Sie konnte es nicht steuern und es sprudelte nur so aus ihr heraus.
„Helene.... Überstürz jetzt nichts und Du fährst ganz normal wie geplant los! Chris hat mir erzählt was vor ein paar Tagen geschehen war. Krass was so ein Mangel alles auslösen kann.".
Selma wusste es nicht anders und Helene verlor kein Wort zu irgend jemandem wegen ihrer Schwangerschaft.
„Was? Ach so ja."........
Noch eine Weile telefonierten die Frauen zusammen und Helene konnte nicht anders und sprach immer wieder von Nico.
„Also dann bis übermorgen Helene! Und bitte versprich mir das Du nicht überstürzt los fährst!" - „Ich geb mir Mühe. Aber ich freu mich so sehr.".
Überglücklich natürlich setzte Helene dann Laura und Chris in Kenntnis von dem was sie gerade erfahren hatte.
Laura war ebenso glücklich über diese Neuigkeit. Bis auf Chris, der das alles sehr skeptisch betrachtete und genau wusste das er seine Freundin nun nicht mehr halten kann. Und falls er es doch versuchen sollte, Helene ihren Kopf durchsetzen wird und zur Not abhaut.

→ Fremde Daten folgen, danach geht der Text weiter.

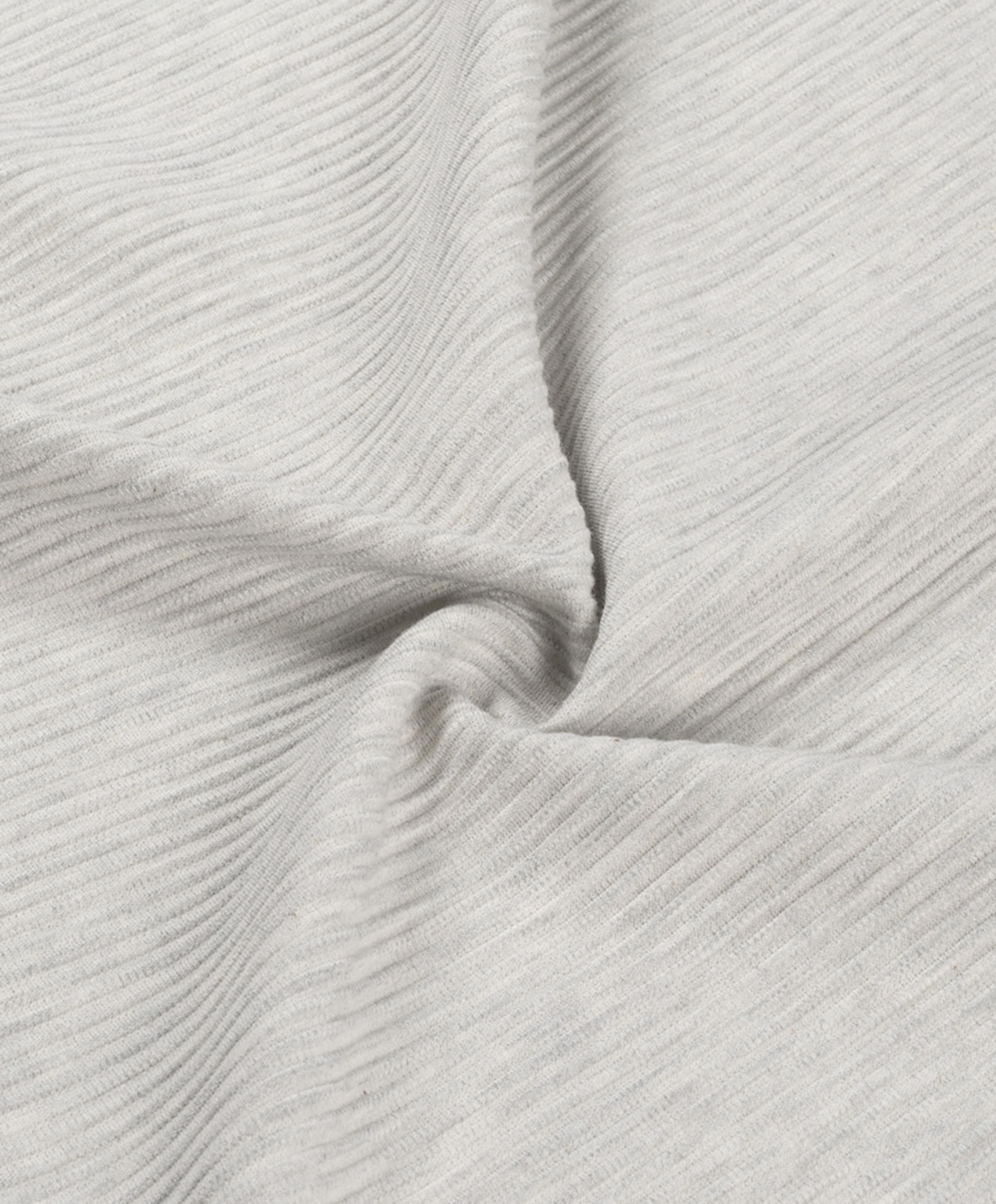 Law of the Sea Heren overshirt beige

Irgendwie stellte er sich gerade wirklich die Frage, ob sie ihn wirklich liebt oder ihn nur als Ersatz für Nico gewählt hatte.
„Also fährst Du doch wieder!", knurrte er darauf hin.

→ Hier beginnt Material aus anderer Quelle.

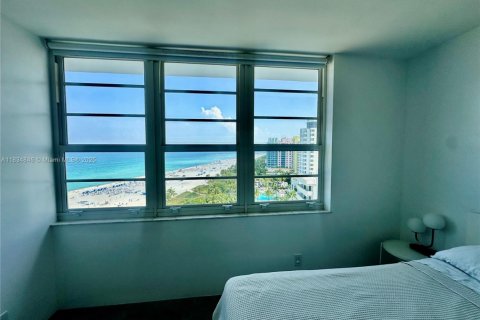 Copropriété à louer à Miami Beach, Floride: 2 chambres, 110.55 m2 № 1817177 - photo 18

„Na klar werd ich fahren! Chris ich hab Dir doch gesagt das ich für ihn da sein werde!".
„Sag mal, mit wem bist Du eigentlich zusammen? Mit mir oder mit ihm? Bei allem Verständnis für seine Situation, aber langsam übertreibst Du es doch." - „Was? Was soll das Chris? Was willst Du denn noch von mir verlangen!".
Helene war es von vorne hin klar das Chris ihr wieder aufs Dach springen wird, sobald er den Namen Nico hört.
„Gar nichts Helene! Ich verlange gar nichts von Dir! Anscheinend bin ich nur Dein Trostpflaster und darf Deine Fehltritte richten." - „Das stimmt doch gar nicht! Ich habe mich für Dich entschieden und liebe dich Chris! Warum bist Du nur so eifersüchtig?".
Es regte Helene unendlich auf wie er nur so denken konnte, warum er so eifersüchtig auf einen sterbenskranken Menschen sein kann.
„Ich werde jedenfalls Morgen früh fahren, ob es Dir passt oder nicht!", war das Gespräch für die werdende Mutter somit beendet.
Augenblicklich ging sie dann wieder ins Schlafzimmer und knallte die Tür.
Chris machte das alles unheimlich wütend.
Deswegen übernachtete er in dieser Nacht auch im Wohnzimmer und bemerkte jedoch nicht, als Helene am nächsten Morgen in aller frühe aus dem Haus ging.
Zuvor schrieb sie noch ein paar Zeilen auf ein Blatt Papier nieder was sie sehr beschäftigte und legte dieses samt einem wichtigen Bild für ihn in Sichtweite.